= Francis Davies (bishop) =

Welsh bishop (1605–1675)

Francis Davies (14 March 1605 - 14 March 1675) was a Welsh clergyman who was Bishop of Llandaff from 1667 until his death.

==Life==
Davies was born in Glamorgan, Wales and educated at Jesus College, Oxford, matriculating in November 1621. He was awarded his BA in 1625, his MA in 1628 and a BD degree in 1640. He is also said to have become a Fellow of Jesus College before taking his BD degree, but he is not included in the list of fellows in Ernest Hardy's history of the college. He took the degree of DD in 1661. After being ordained, he was rector of Pentyrch and Radyr in Glamorgan (1630 onwards), and of Llangan with Llantrithyd (1638 onwards), surrendering Llantrithyd soon after becoming a prebendary of Llandaff Cathedral in 1639. His opposition to church reforms led to his losing his parishes at some point between 1646 and 1650, although he received some concessions such as payment of some tithes to him or his brothers. He supplemented his income by running a school and, later, moving to London to become chaplain to the wife of the royalist Henry Mordaunt, 2nd Earl of Peterborough.

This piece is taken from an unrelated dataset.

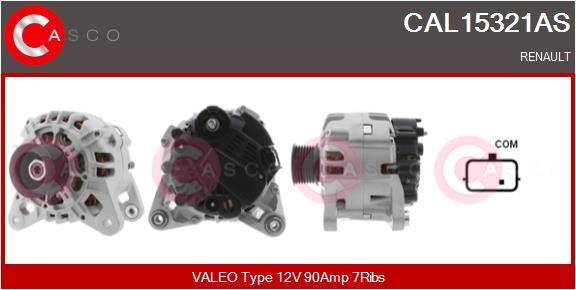 CASCO 12V, 90A, M8, CPA0233, Ø 55 mm, with integrated regulator Number of ribs: 7 Generator CAL15321AS buy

After the Restoration of Charles II, Davies became Archdeacon of Llandaff in 1660, and Bishop of Llandaff in 1667. Whilst bishop, he restored the cathedral library and installed the largest bell in the bell-tower. Having never married, he left his small estate to his brother, other relations and his servants. He died on his seventieth birthday in 1675 and was buried in front of the cathedral altar. His gravestone was found after the cathedral was bombed in 1941 during the Second World War.